Here's where I put them on a 'floor plan', with the pylons in the bottom left. Now, this particular model had a strobe light fitted in the base, and the flash was transmitted by fibre optic cable, as shown in the following article, but if I had been using led.s for the strobes (adequate, but the strobes were intense!), this is where they would have gone.

Here's the lower reactor module, and it illustrates the general lighting technique. Painting the fibre optic hole locations helped keep track of them from the inside. The fibre tails were gathered into bundles of about 100, which just about packed out a 5mm styrene tube, which would house the l.e.d.. Just before closing the sub-assembly, the fibres would be trimmed, polished and stuck into one end of the tube, and the l.e.d. would be stuffed in the other end.

Here's the same, on a bigger scale, with the inner ring: top side.

Making this soon turned out to be more closely related to embroidery than model making. There are roughly 1,000 individual, 0.15mm diameter optical fibres, totalling about 25m in length, running through the model. Painting the target areas helped to make sure nothing was missed with the drill. The biggest problem was space - this was the most awkward thing I've made so far. Next, making sure that the fibres were gathered into bundles fit for 1 l.e.d. was essential. The fibres were bonded to the inside of the hull with PVA glue. Note the red pen marking which helped to keep track of where the l.e.d.'s would be placed - in some cases cable channels had to be routered into the internal surfaces of the model as there was no clearance. The stage shown here took about 2 days.

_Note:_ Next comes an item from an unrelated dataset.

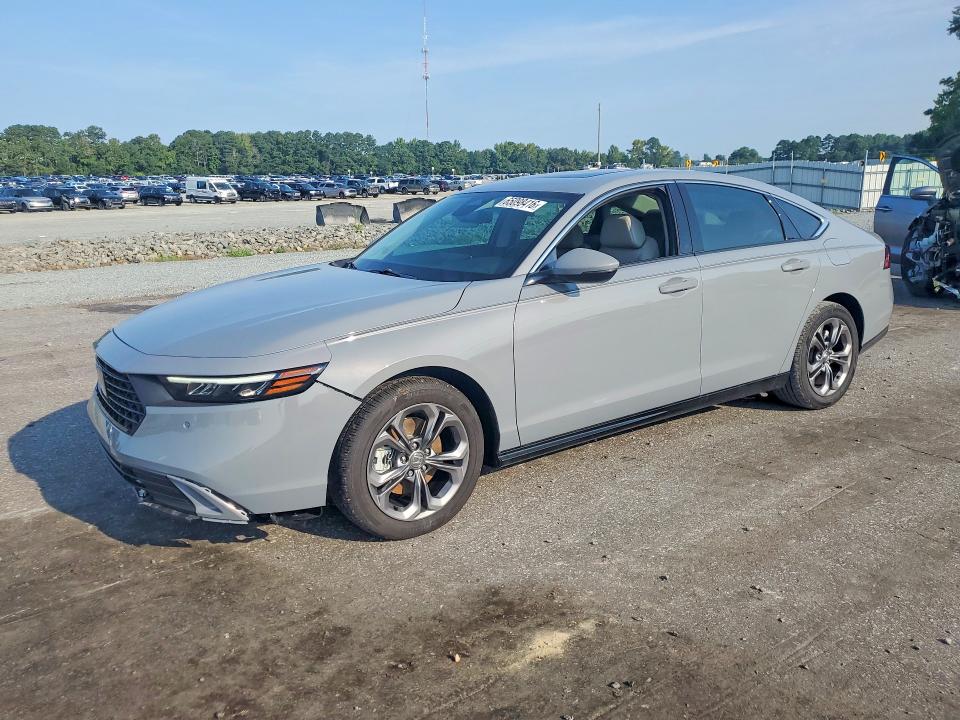 2025 HONDA ACCORD - Търг №65098416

Inner ring: bottom. Note the mini-pipe cutter for clean and easy pipe trimming. The outer ring parts were glued together for this (make sure you have a flat surface big enough to let it set-up flat!!) and the lower ring bonded into place also, as some of the arm windows are supplied by the inner ring l.e.d.'s - not enough room for wires for any more l.e.d.'s!

An early lighting test - one of many. Note the numerous marker and paint tips to keep the lighting and wiring on track.

Just checking there are no snags or kinks, and that the PVA glue hasn't reacted with the polycarbonate of the optical fibres - super glue must never be used! The fibres are left long, and will be trimmed flush after painting.

Another lighting test. This shows the two halves of one 1/3 segment opened up - by this stage, they are linked together with wire, and the l.e.d./styrotube/fibre bundles have been stuck to the hull by blag amalgum tape to prevent light leaks.This stage needs a 1-square meter table at least!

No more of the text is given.